= Kurt Grönfors =

Swedish legal scholar

Kurt G. W. Grönfors (25 March 1922 – 2005) was a Swedish legal scholar best known for his work within contract law, maritime law and transport law.

He was born in Stockholm as a son of Harry Grönfors and Hertha née Jakobsen. He finished the jur. kand. degree in 1947, followed by the juris doctor degree in 1952 with a thesis on liability in traffic accidents. He immediately became a docent at Stockholm University College, then teacher at the Stockholm School of Economics in 1958, before being appointed professor of jurisprudence at the Gothenburg School of Economics in 1959. Having served as rector of the Gothenburg School of Economics from 1962, he was a professor at the University of Gothenburg from 1971 to 1991, also serving as dean of the Faculty of Social Sciences from 1971 to 1977.

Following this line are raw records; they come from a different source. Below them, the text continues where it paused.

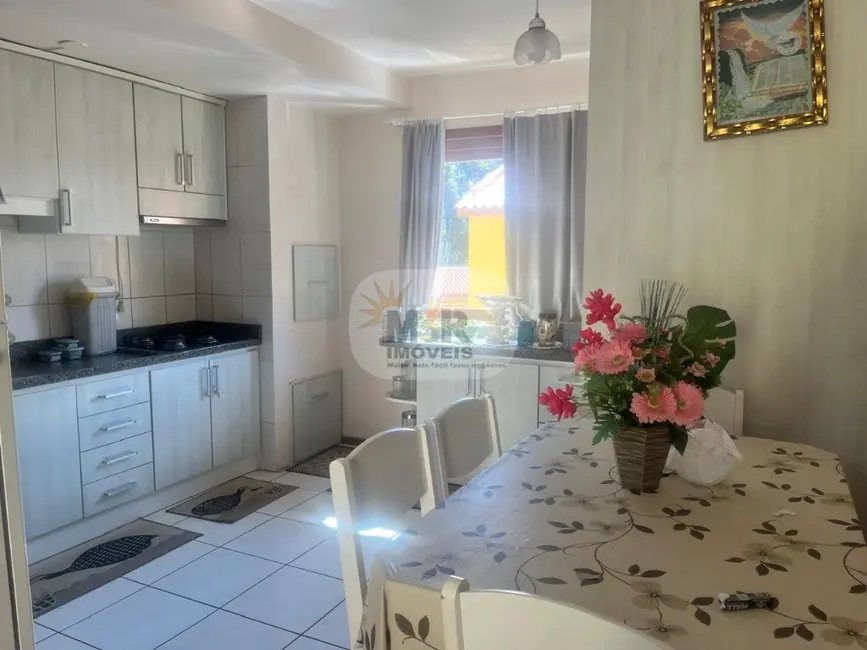 Foto 7 de Casa com 2 quartos à venda e para alugar, 78m2 em Nova Petropolis - RS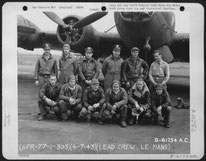 Photo de l'équipage leader de la mission n°71 sur l'usine Gnome & Rhône, 4 juillet 1943 - Crédit : Archives US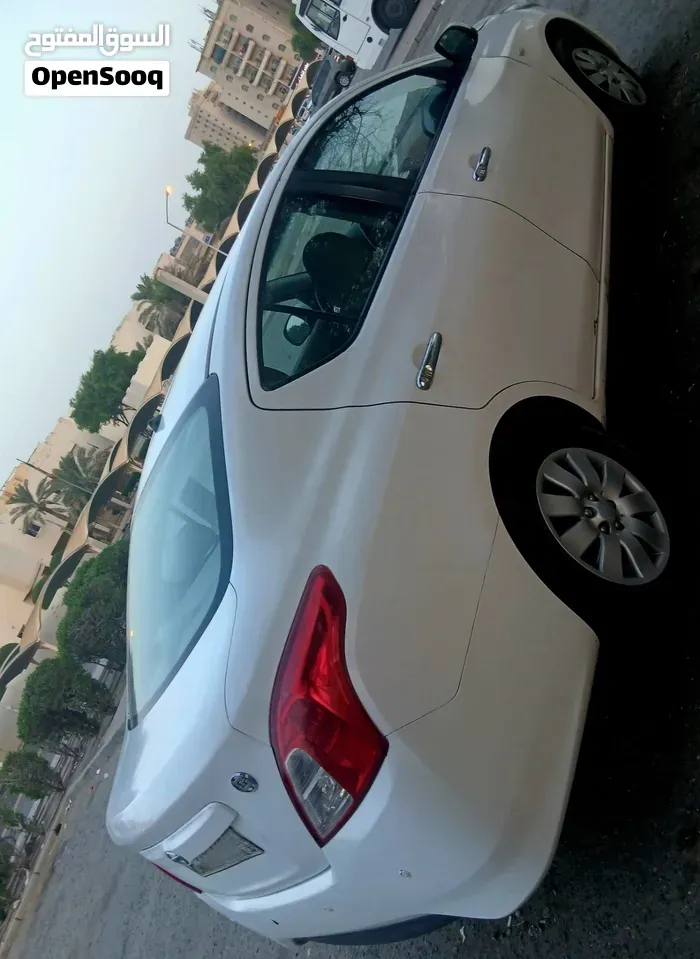 Nissan Sunny 2022 photo 3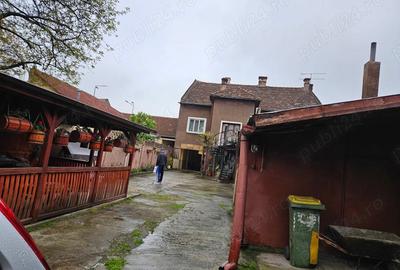 Casă cu 7 camere în Central - 1
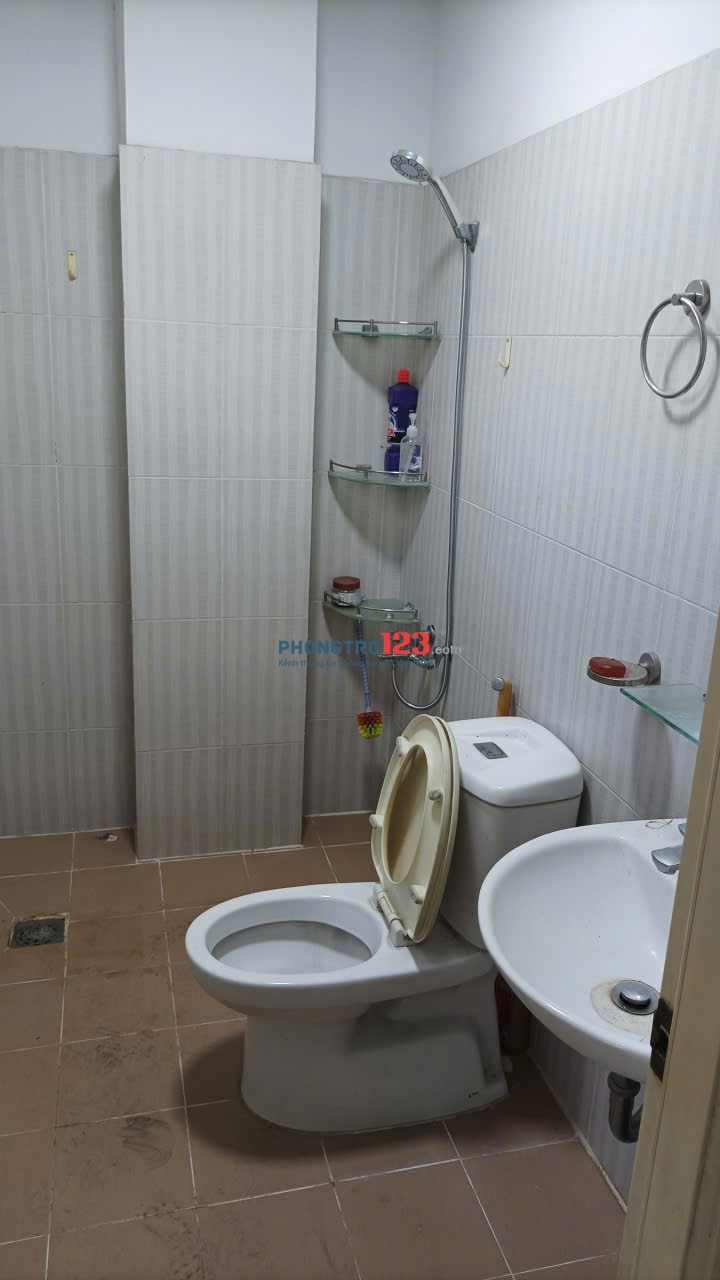 Phòng rộng cửa sổ thông thoáng, khu vực yên tĩnh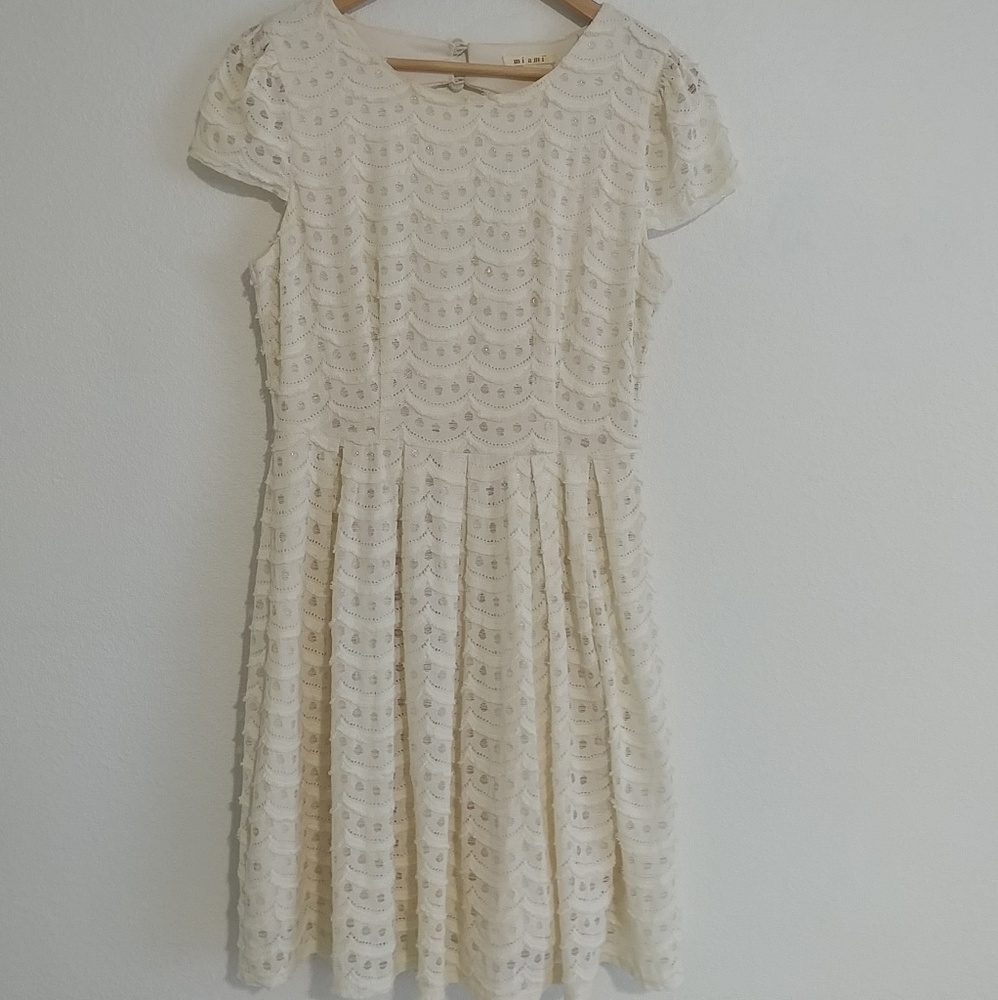 Mi Ami cream lace dress key hole back cap sleeve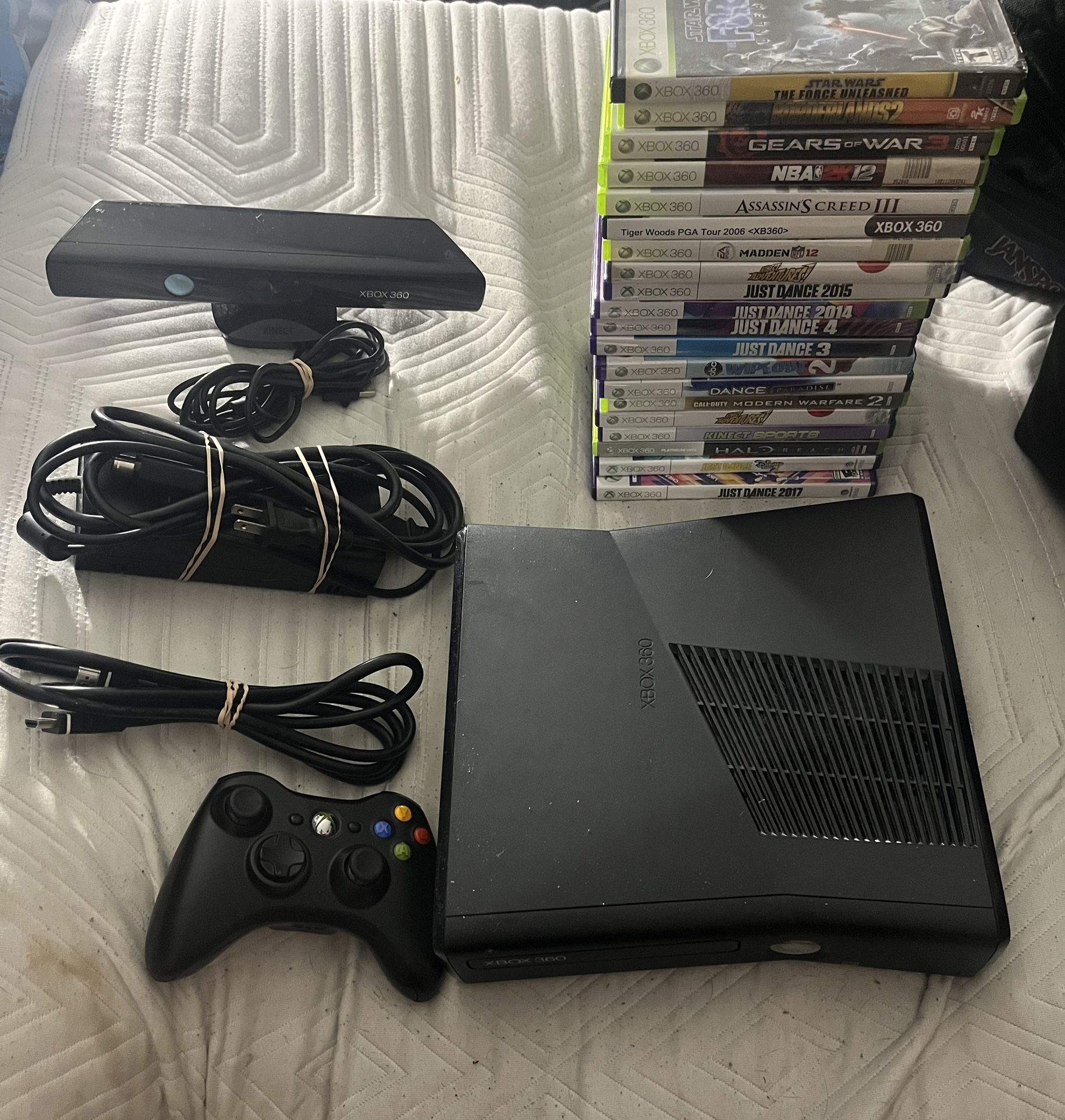 Xbox 360 Slim Bundle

Grönfors received an honorary degree from Umeå University in 1980, was a fellow of the Royal Swedish Society of Science and Letters from 1965 and of the Norwegian Academy of Science and Letters from 1985. In Norway he chaired the Scandinavian Institute of Maritime Law from 1973 to 1993

He was also known for attracting "enormous donations" to the Gothenburg School of Economics, cooperating with the private sector. He died in 2005.